Cebul, Assistant Professor of History, examines how urban planning policies have reinforced economic and racial segregation over time—while Jensen, Professor of Statistics at Wharton, analyzes modern data like Census demographics and land use zoning information in relation to a city’s crime rates. But however different, both researchers’ work provided perfect fodder for discussion in this year’s Undergraduate Data Science Hangout, held every Thursday over eight weeks this summer.
“Brent and Shane each addressed how to establish causation in their own datasets, which were fascinating—but the best part was seeing the linkages between a statistician in Wharton and a historian in Penn Arts & Sciences,” says Bhuvnesh Jain, Walter H. and Leonore C. Annenberg Professor in the Natural Sciences, who coordinated the Hangout. “What makes data science so appealing to me is that shared methodologies connect students and faculty across disciplines.”

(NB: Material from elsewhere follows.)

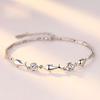 Dolphin Bay Lovers' Zircon Inlaid Copper Silver-Plated Bracelet for Women Fashionable and Stylish Korean-style Hand Accessories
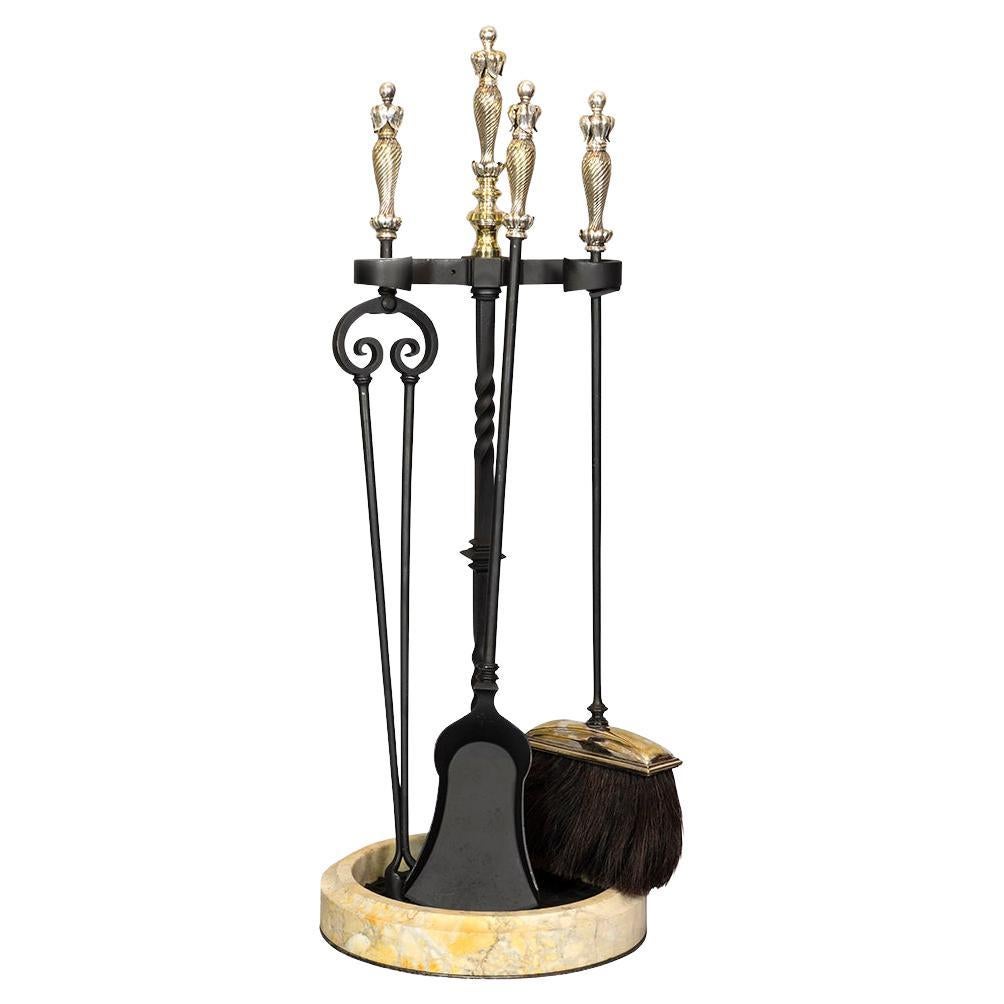 Set of Three Silvered Bronze Fire Tools and Marble Stand For Sale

Data science is the study of data and how to extract knowledge from it. Any Penn student whose summer research involved the quantitative analysis of data—in the humanities, social sciences, or natural sciences—could join the Data Science Hangout (remotely). Introduced in summer 2019 as an informal classroom experience during which students could share their work, learn about analytics tools, listen to faculty talks, and collaborate on projects, the event was more structured this time around, with two online faculty presentations followed by a data science tutorial every week.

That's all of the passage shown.